Garson Kanin directed this fluff about an air-headed telephone operator (whose vocabulary consists of "swell & golly") that gets engaged to the three titled men simultaneously:

  • high achieving, almost workaholic, and unromantic car salesman Tom (George Murphy)


  • the millionaire son of a prominent father Dick (Alan Marshal)


  • and the only one in her class - auto mechanic Harry (Burgess Meredith), to whom she's "sexually" attracted (bells ring when they kiss).


During the dream sequences, Janie (Rogers) imagines what it would be like to be married to each of the men. One wonders how Paul Jarrico received his only Best Writing - Original Screenplay Oscar nomination; his story's conclusion is both predictable and unsatisfying despite its "twist".

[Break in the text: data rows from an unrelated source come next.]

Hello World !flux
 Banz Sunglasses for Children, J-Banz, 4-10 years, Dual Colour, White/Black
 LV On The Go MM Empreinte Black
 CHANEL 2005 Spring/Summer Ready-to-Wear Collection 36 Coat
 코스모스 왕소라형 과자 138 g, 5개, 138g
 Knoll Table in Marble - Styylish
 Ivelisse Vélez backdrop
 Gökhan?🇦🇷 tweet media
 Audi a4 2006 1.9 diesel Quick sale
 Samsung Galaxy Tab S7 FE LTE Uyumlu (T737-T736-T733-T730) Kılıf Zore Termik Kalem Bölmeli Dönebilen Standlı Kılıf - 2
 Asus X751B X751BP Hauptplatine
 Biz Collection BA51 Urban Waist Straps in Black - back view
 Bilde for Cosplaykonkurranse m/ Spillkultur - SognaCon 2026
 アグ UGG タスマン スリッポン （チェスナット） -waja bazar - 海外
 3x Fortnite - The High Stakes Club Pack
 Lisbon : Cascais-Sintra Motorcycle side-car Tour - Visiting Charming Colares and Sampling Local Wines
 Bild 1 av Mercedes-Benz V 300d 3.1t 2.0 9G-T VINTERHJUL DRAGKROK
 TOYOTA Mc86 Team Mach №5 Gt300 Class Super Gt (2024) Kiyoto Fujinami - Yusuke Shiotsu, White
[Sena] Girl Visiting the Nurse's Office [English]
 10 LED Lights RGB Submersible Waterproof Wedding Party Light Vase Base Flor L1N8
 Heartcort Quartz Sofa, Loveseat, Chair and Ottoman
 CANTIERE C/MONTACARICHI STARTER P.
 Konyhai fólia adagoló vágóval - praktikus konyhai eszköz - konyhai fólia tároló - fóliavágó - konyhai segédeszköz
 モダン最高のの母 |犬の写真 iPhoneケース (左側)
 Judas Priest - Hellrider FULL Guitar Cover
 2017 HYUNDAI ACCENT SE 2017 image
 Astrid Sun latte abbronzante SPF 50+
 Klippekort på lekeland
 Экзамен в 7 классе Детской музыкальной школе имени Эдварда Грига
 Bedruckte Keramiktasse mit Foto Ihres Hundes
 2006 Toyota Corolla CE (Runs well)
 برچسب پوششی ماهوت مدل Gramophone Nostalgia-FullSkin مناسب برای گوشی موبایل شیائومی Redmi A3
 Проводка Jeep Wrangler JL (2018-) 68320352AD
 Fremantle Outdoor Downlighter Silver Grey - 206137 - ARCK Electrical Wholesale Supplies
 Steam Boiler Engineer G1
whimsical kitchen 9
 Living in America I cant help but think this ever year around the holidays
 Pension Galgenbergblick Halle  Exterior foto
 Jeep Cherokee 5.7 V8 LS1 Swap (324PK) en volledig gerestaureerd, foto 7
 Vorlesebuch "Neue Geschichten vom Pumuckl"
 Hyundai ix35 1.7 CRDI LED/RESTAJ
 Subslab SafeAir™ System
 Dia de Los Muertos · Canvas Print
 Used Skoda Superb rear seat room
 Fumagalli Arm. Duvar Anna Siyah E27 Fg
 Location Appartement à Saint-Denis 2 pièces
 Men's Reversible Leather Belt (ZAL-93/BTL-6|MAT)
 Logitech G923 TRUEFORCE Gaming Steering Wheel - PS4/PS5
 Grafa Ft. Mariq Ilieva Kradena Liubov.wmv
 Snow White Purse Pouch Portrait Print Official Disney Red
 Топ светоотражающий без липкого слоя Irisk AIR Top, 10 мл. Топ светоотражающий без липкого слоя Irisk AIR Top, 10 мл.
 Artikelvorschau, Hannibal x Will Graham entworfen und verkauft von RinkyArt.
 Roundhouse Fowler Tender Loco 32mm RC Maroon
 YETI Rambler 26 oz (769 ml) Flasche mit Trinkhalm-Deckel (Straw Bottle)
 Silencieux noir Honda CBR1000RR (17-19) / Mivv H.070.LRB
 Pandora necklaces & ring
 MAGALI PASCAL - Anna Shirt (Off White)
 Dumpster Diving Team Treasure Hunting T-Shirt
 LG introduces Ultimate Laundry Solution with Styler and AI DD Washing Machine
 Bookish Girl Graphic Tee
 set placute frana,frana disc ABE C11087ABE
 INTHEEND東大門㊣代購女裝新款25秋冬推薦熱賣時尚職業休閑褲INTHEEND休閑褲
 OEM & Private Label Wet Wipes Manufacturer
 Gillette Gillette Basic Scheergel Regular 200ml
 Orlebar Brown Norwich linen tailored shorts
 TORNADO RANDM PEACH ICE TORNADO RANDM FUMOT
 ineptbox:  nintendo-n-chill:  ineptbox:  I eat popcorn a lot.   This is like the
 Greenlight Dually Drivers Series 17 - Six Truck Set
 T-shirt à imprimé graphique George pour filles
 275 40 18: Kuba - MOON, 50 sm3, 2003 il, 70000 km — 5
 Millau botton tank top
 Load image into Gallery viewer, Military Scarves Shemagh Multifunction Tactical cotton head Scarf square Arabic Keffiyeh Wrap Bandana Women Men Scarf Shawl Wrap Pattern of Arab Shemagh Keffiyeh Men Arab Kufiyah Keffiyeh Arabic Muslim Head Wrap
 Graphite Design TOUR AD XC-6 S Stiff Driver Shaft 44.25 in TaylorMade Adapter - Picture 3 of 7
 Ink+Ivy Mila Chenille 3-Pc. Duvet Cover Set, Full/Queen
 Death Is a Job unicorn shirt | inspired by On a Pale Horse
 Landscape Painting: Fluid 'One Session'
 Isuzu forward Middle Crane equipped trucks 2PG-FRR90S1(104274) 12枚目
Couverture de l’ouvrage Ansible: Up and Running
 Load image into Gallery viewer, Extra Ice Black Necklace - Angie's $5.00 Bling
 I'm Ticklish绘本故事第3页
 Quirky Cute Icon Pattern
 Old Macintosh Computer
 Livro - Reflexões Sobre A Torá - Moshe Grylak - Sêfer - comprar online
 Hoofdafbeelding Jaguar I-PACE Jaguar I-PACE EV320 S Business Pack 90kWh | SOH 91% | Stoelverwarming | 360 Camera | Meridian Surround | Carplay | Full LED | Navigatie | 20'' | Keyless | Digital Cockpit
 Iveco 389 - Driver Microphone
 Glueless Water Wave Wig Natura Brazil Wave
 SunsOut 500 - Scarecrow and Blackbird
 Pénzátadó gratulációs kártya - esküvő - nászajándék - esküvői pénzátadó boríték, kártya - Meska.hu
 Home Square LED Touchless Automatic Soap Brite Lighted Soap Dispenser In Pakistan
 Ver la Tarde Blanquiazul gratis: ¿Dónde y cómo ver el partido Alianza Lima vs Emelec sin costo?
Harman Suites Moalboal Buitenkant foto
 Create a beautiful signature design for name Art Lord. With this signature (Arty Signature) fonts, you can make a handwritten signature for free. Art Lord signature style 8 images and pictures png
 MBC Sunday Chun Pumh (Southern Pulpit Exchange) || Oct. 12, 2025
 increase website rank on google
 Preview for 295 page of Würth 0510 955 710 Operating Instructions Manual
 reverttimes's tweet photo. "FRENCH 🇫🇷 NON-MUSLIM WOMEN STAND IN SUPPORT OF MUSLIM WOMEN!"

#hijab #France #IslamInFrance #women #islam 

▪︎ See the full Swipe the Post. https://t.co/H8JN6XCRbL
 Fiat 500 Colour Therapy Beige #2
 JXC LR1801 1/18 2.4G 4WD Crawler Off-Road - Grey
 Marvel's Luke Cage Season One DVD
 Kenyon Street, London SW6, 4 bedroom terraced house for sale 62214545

Thirty year old Phil Silvers (already bald and looking much like he did more than 20 years later on television) appears twice as an annoying ice cream vendor at "Inspiration Point"; Joe Cunningham, as Janie's Pop, is the only other actor appearing that had much of a career.

One of Leonard Maltin's few misses (he gives it 3 ½ stars!), it's so dated that it will likely offend most women. Remade as a Mitchell Leisen directed Musical, The Girl Most Likely (1957), with Jane Powell and Cliff Robertson, among others.